▸ ACTIVITY: Reproduce, exactly and in full, only the lines below from the one containing "Casa individuala in Buna Ziua" through the one containing "Nike Academy voetbalbroek".

Brief descriptive captions

################

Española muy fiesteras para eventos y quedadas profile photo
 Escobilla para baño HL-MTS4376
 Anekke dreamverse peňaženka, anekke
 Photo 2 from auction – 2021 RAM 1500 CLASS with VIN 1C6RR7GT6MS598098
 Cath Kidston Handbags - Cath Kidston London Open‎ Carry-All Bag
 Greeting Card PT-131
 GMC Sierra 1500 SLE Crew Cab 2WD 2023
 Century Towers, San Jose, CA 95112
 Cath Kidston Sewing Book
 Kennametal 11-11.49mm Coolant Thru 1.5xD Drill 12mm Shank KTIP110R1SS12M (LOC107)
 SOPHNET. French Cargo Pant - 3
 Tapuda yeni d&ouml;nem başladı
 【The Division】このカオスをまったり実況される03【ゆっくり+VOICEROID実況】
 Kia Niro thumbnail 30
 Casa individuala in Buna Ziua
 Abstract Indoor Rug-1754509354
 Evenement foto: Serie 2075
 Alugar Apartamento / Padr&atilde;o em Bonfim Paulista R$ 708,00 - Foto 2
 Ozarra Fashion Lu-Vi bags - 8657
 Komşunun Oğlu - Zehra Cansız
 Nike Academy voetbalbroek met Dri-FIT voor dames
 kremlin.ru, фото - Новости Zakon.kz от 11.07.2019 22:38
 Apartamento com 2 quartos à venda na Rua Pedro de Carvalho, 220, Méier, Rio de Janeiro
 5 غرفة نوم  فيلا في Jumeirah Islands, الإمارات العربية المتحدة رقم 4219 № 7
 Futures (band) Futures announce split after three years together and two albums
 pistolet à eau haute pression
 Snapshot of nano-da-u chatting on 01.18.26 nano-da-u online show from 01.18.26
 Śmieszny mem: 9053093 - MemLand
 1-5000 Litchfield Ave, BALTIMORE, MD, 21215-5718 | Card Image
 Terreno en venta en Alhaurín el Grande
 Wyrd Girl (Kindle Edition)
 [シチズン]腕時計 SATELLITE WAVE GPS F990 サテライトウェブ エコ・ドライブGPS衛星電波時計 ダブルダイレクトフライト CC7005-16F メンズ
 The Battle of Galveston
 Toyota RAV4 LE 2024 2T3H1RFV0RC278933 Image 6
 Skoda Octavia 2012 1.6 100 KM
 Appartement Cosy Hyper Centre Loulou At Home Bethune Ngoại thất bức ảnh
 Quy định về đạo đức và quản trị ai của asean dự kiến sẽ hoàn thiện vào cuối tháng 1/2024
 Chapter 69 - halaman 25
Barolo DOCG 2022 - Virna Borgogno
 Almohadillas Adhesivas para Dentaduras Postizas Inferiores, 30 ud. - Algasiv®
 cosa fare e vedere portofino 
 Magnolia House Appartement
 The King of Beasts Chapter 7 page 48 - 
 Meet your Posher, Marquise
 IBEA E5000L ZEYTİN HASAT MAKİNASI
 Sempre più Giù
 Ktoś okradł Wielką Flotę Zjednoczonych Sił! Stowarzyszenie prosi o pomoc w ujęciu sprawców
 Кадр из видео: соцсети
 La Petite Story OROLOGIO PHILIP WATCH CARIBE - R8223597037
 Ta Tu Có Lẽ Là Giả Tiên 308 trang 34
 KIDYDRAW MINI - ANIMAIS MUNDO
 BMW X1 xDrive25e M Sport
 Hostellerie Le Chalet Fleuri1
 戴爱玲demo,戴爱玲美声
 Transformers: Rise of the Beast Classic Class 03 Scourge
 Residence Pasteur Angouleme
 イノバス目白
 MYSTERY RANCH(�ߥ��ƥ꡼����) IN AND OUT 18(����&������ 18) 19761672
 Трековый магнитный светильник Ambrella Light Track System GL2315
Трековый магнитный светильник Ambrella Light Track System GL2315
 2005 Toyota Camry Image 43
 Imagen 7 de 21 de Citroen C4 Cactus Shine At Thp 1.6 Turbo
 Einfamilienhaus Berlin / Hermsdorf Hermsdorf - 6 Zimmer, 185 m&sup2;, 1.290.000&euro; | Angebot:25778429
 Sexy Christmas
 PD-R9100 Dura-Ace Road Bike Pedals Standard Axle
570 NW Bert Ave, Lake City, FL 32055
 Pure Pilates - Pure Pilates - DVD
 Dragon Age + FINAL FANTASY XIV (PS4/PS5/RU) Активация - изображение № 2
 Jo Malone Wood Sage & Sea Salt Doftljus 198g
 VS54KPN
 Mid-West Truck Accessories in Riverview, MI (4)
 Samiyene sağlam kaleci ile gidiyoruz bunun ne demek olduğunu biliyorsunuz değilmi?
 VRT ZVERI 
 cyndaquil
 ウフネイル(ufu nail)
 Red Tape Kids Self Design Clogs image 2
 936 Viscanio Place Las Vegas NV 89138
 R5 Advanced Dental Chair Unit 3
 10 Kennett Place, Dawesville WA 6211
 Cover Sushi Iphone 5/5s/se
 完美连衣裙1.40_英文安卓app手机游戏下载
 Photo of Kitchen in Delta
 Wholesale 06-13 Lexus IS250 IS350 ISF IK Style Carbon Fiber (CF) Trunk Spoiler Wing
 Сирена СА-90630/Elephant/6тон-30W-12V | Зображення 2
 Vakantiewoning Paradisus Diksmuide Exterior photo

################

▸ WRITTEN SOLUTION:
 Casa individuala in Buna Ziua
 Abstract Indoor Rug-1754509354
 Evenement foto: Serie 2075
 Alugar Apartamento / Padr&atilde;o em Bonfim Paulista R$ 708,00 - Foto 2
 Ozarra Fashion Lu-Vi bags - 8657
 Komşunun Oğlu - Zehra Cansız
 Nike Academy voetbalbroek met Dri-FIT voor dames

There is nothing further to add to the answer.